How sourc.dev Works With Data

What makes this data different

Most AI data sources are snapshots. sourc.dev is an archive.

When a price changes on sourc.dev, the old price is not overwritten. It is preserved in an append-only history layer with a timestamp and a source link. This means every entity on the platform carries a full audit trail — you can see what changed, when it changed, and what the primary source was at the time of verification.

This design is intentional. The archive cannot be reconstructed retroactively. Every day of tracking that passes is a day that cannot be recovered. The historical record starts from the first verified entry, not from today.

How we verify data

Every attribute on sourc.dev requires three fields before it is published:

Source URL — a publicly accessible primary source confirming the value. Vendor documentation, official pricing pages, and published research papers are accepted. Aggregators and secondary sources are not.

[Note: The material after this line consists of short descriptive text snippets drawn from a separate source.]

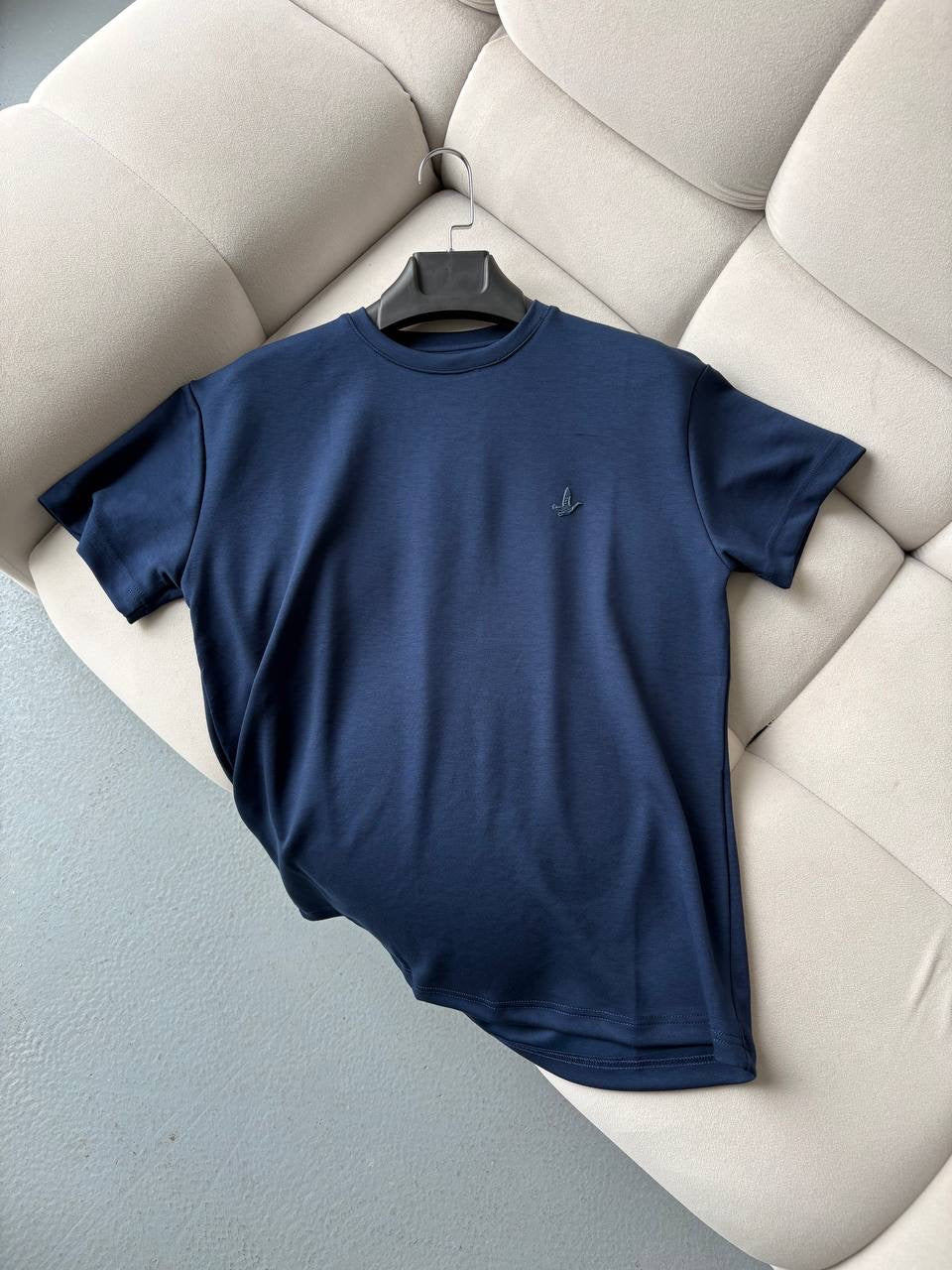 Beymen Lacivert Oysho T-shirt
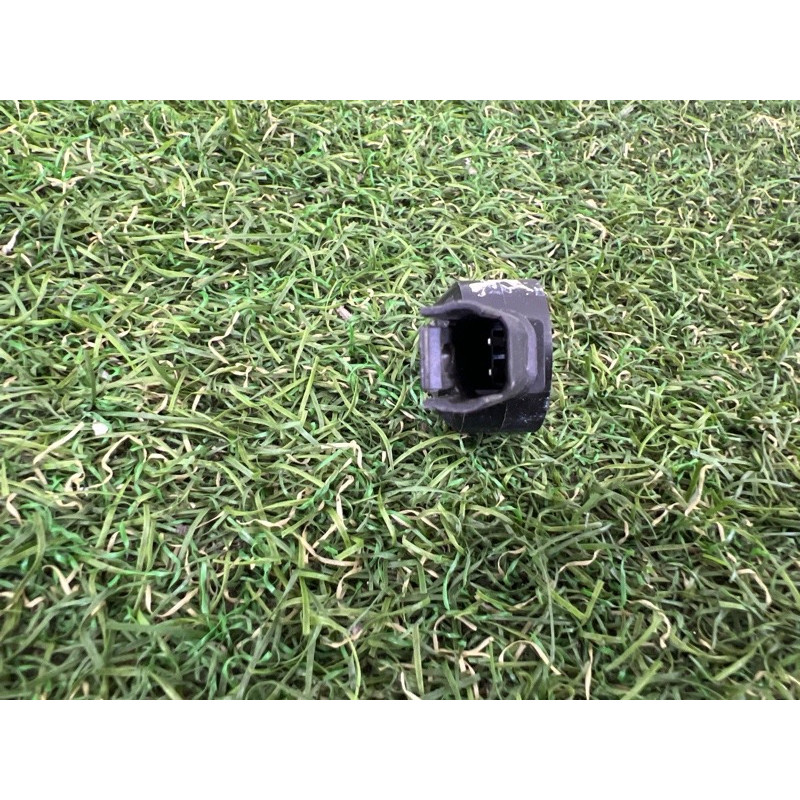 Датчик детонации (электрика двигателя) BMW 5-series F10 2011 N63B44 13627577034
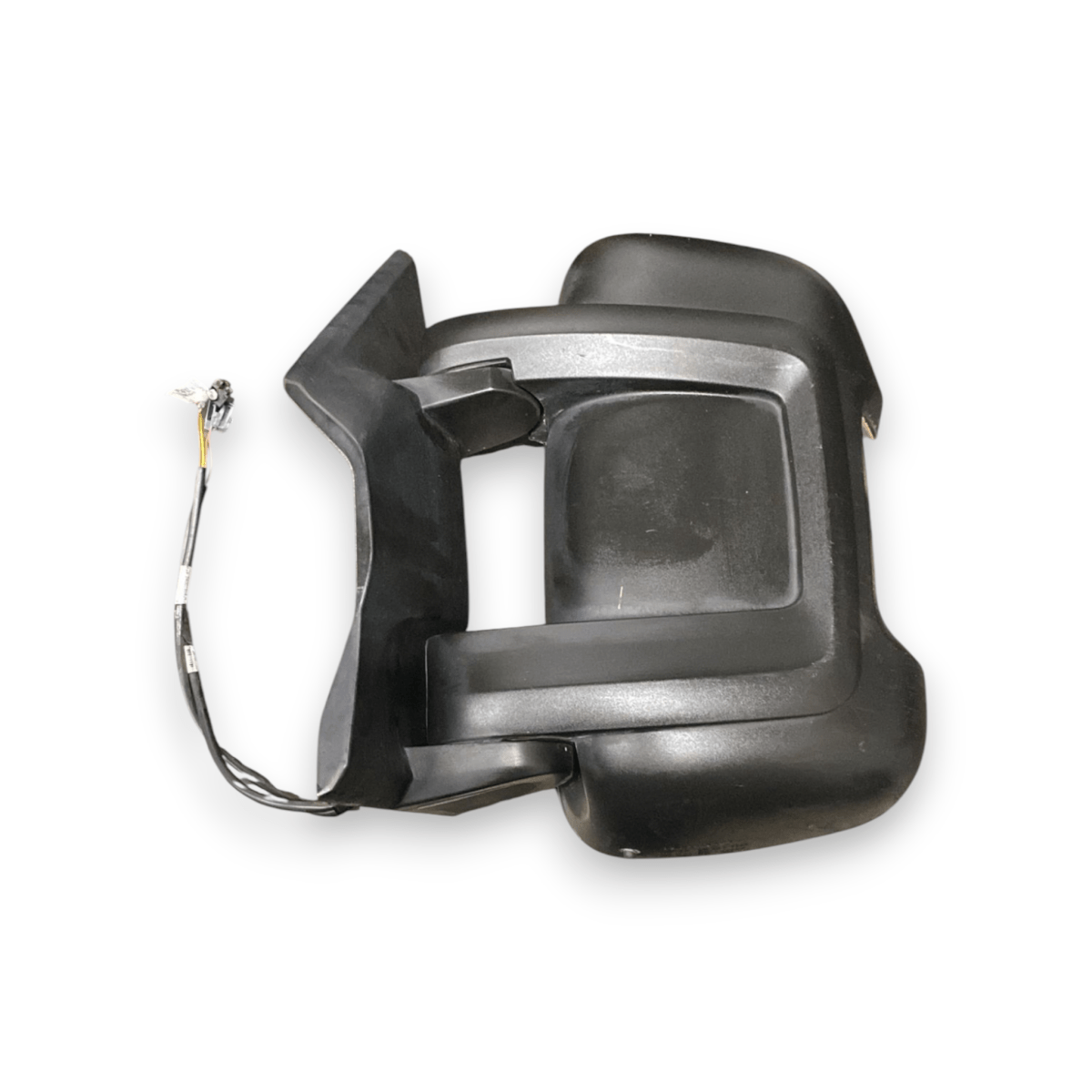 Mirror / left external rearview mirror (sx) fiat ducato code:a078311 (2014 - ) - F&P CRASH SRLS - Used Parts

Verification date — the date the value was confirmed against the source. Pricing attributes older than 90 days are flagged for re-verification automatically.

Confidence level — a machine-readable signal indicating whether the value is directly stated in the source, inferred from context, or estimated from partial data.

Unknown is published as unknown. We never publish absence of evidence as evidence of absence. A missing price is not a zero price. An unverified capability flag is not a false.

How changes are tracked

The sourc.dev pipeline monitors tracked entities on a defined schedule. When a value changes, a new row is written to the attribute history layer. The previous value is preserved.

The /changes feed surfaces the most recent verified changes across all entities. It updates automatically when the pipeline detects a new value against a primary source.

This is not a changelog maintained by humans. It is a machine-generated record derived from primary source verification. The methodology that governs it is documented at /methodology.

How knowledge pages are built

The /learn pages explain each tracked metric and attribute in plain language — what it measures, why it matters, and how to interpret it. The /glossary pages define the terminology used across the platform.

Both are built from the same attribute registry that governs the data layer. Every term in a data table has a corresponding explanation. Every metric on an entity page has a corresponding learn page.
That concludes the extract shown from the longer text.